I am running a t350 tranny and an 8" lift w/37s. thanks gang
-Gary

bmpskir
10-17-2010, 03:26 PM
well, it sounds like it would be well worth having a burb short of an engine for $200... there should be plenty for your K5... check to see if the gearing codes are in the glove box or pull the covers and look for the markings on the ring gear... that will tell you if they are higher than 3.73s... but if you have straight stock stuff are you sure they are not 3.42s or have you already upgraded or did you get lucky?

GREY-GHOST
10-17-2010, 03:33 PM
The only thing different between a 1/2 ton and 3/4 ton front is that the 3/4 is 8 lug. The rear could be either a 14sf or a ff. Both are better than the 10 bolt thats back there now. It might have lower gearing, but check before you swap. The rear springs will not fit because they are 56s, the blazer springs are 52.

STIgary
10-17-2010, 05:03 PM
Well, my grandfather swears up and down its got 2.72s so...

70-K5
10-17-2010, 05:17 PM
Your first post said 3.72's, I think I remember a while back we figured out you had 2.72's. If that is the case AND you're running 37's, damn that thing must be a slug, or you've got one hot motor in there...

I think 3.73's with 37's and a th350 would be a pretty good match, 4.10's would be better. 4.56's would be a bit high for fast driving on the freeway.
Got any pictures?

STIgary
10-17-2010, 05:51 PM
It's actually not driving yet because we keep running into new issues like broken leafs, seriously stuck bolts inside the bushings ferrels, missing parts from rough country. They told me I didn't need to drop the tcase for a 6" lift but it turns out I do. They said the "reccomend" extended brake lines but turns out they are "required". Not pleased with them at this point. Still don't see how this drop transfer case bracket will work considering the tcase goes directly into the tranny

STIgary
10-17-2010, 05:55 PM
Plus, even though the ass end isn't together yet, I'm pretty sure it's going to sit lower than the front (6" springs in front, 2"add a leafs & 4" blocks in back). To me, I don't see how these add a leafs will add 2"

70-K5
10-17-2010, 06:08 PM
Did you go through Joey for your lift kit?

Also, it sounds like you are confused on your t-case drop. It is really easy to do and you don't need to purchase anything to do it. The spacers are already on your rig.

STIgary
10-17-2010, 06:31 PM
I had already purchased the lift from RC but I will end up getting new gears and such. How do I drop the tcase with said kit? Any way around the extended brakelines?

70-K5
10-17-2010, 06:38 PM
For the brake lines you can move the hard line below the frame rail and just use your stock length ones, I tried this before I swapped the axles and it didn't work too well... New brake lines are really the way to go.

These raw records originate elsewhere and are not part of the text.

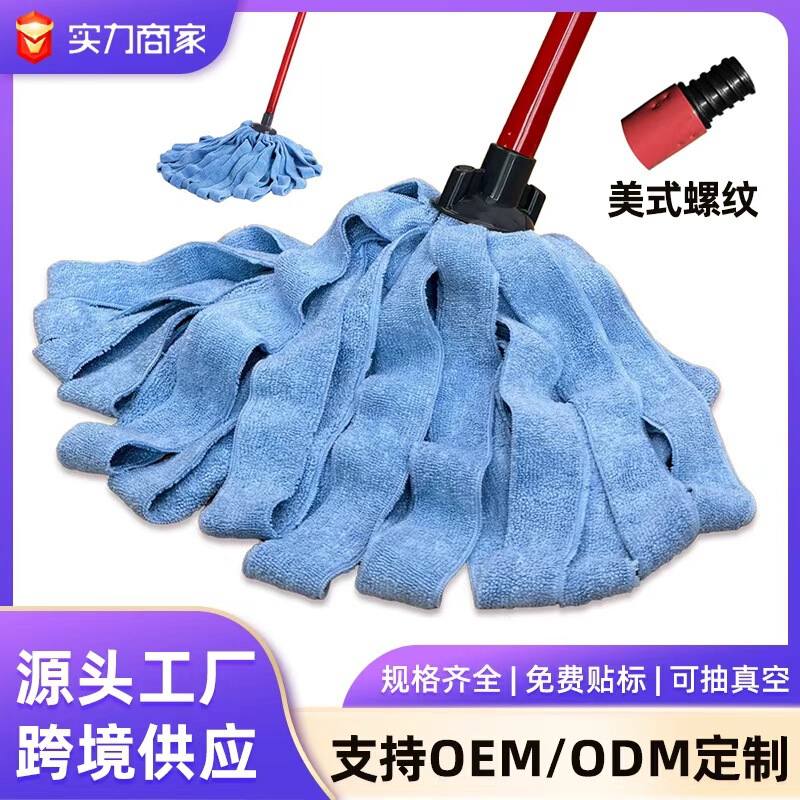 【Wow!】Compatible with Ocedar Mop Head, Towel Mop Head, Mop Cloth, Thickened Mop Head Wholesale 【Wow!】Compatible with Ocedar Mop Head, Towel Mop Head, Mop Cloth, Thickened Mop Head Wholesale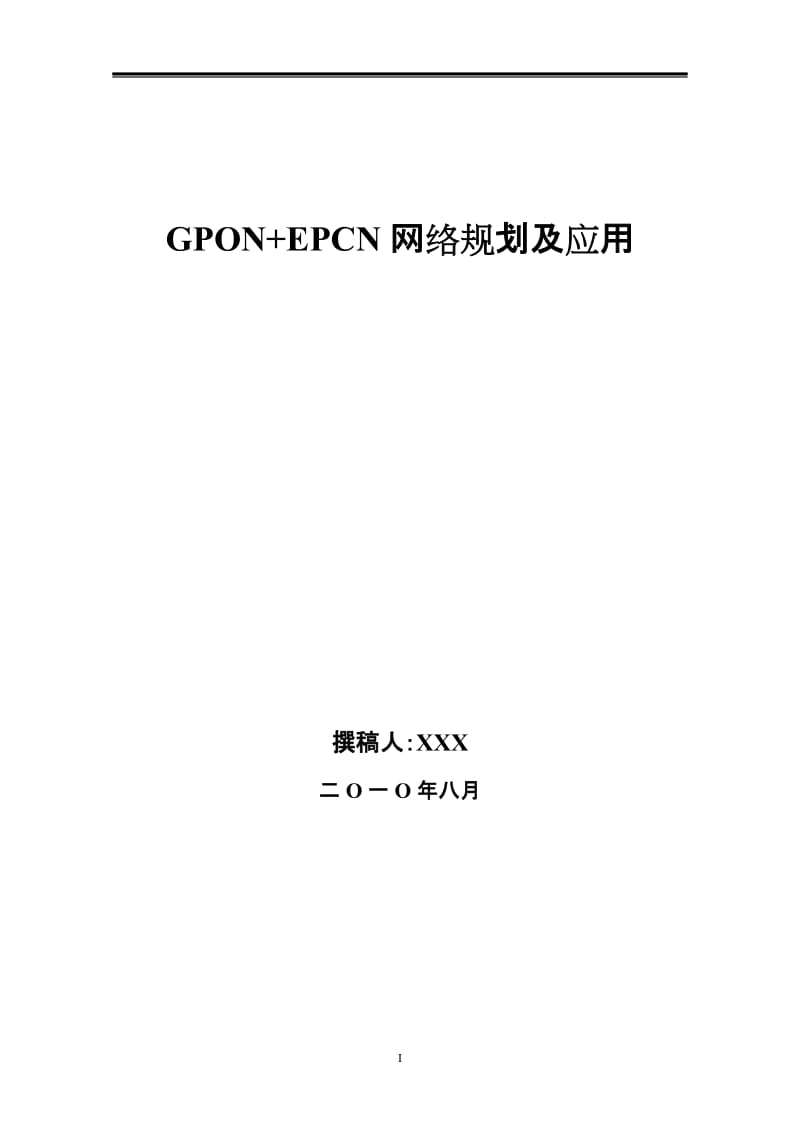 毕业设计（论文）-GPON+EPCN网络规划及应用.doc_第1页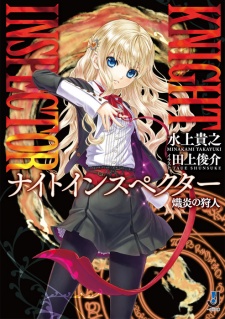 Sampul Manga Knight Inspector: Shien no Kariudo
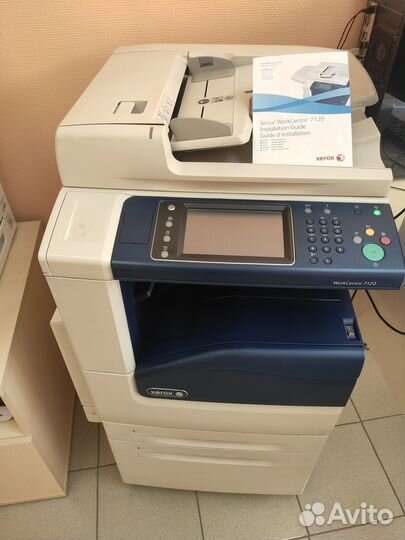 Мфу Xerox WorkCentre 7120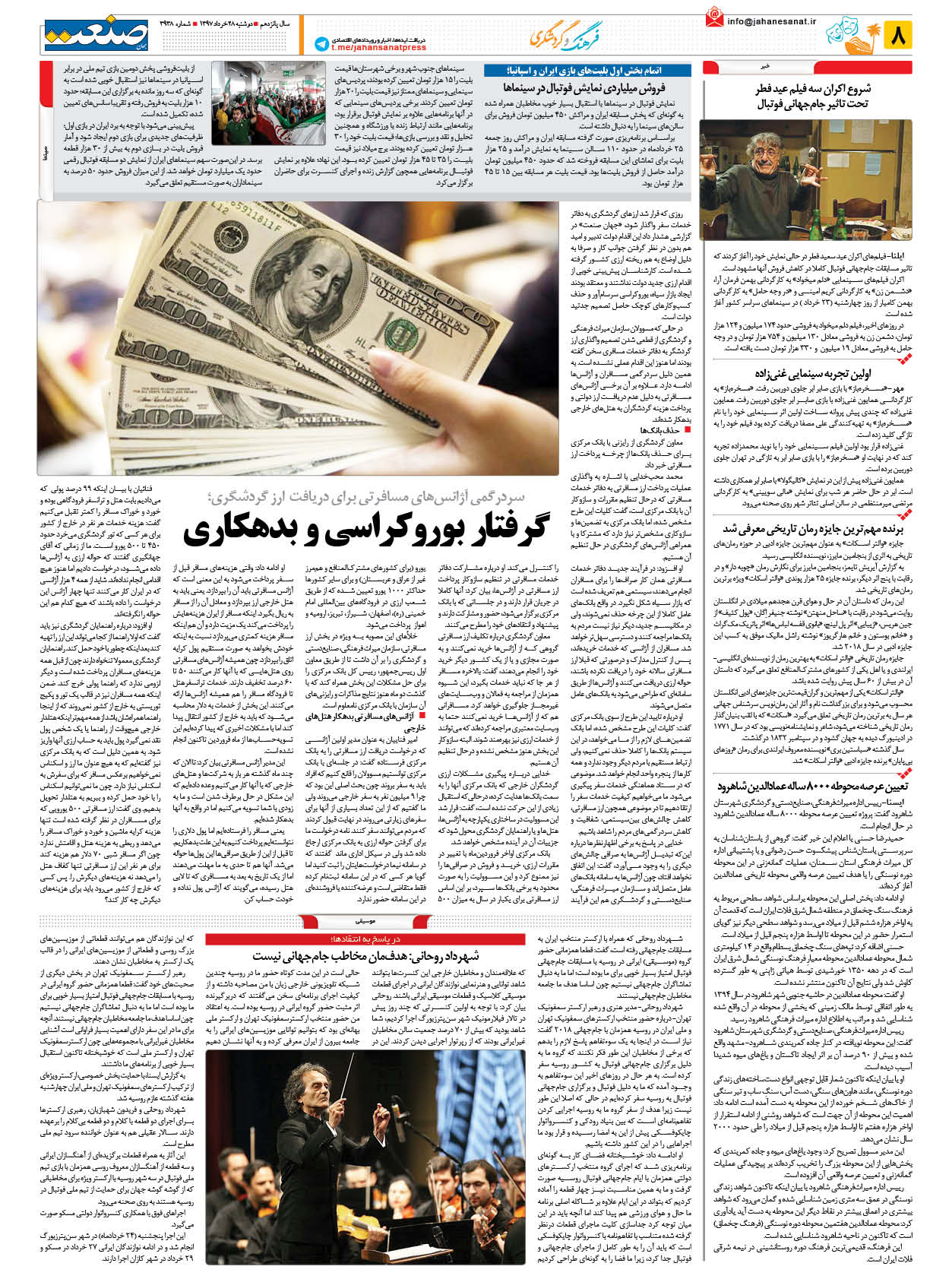 ۱۳۹۷۰۳۲۸۰۸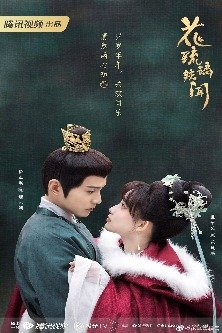 Королевские слухи / Время притворяться / Royal Rumours / Hua Liu Li Yi Wen / 花琉璃轶闻 / Pretend time / Time of Creation / The Times Spent in Pretense / Zao Zuo Shi Guang / 造作时光 / Royal Rumors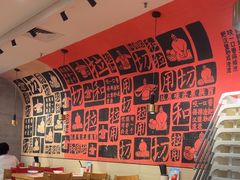 -大师兄·西北小馆(南沙万达广场店)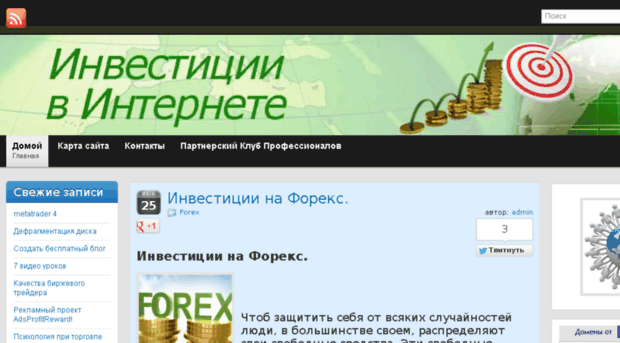 investvinternet.ru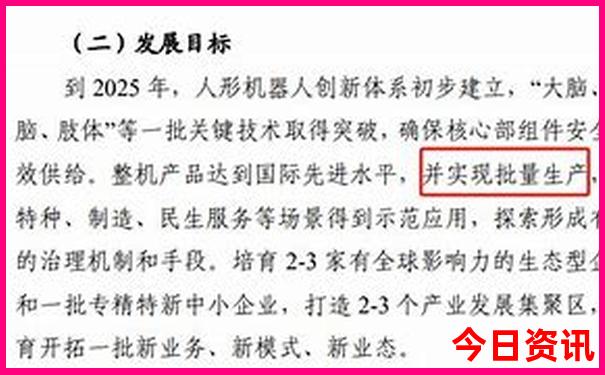 暑假带4岁小孩适合去哪旅游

As for the t-case drop get on your back and look at the cross-member. You will see there are four bolts that are holding it to the frame. Now look at the top of the frame rail and you will see that the bolts are 2" long and there is a spacer between the top side of the frame and the nuts. Throw a floor jack under the cross member, take these four bolts out, lower the jack an inch or so, replace the bolts but this time put the spacers between the cross member and the frame, viola! t-case is dropped.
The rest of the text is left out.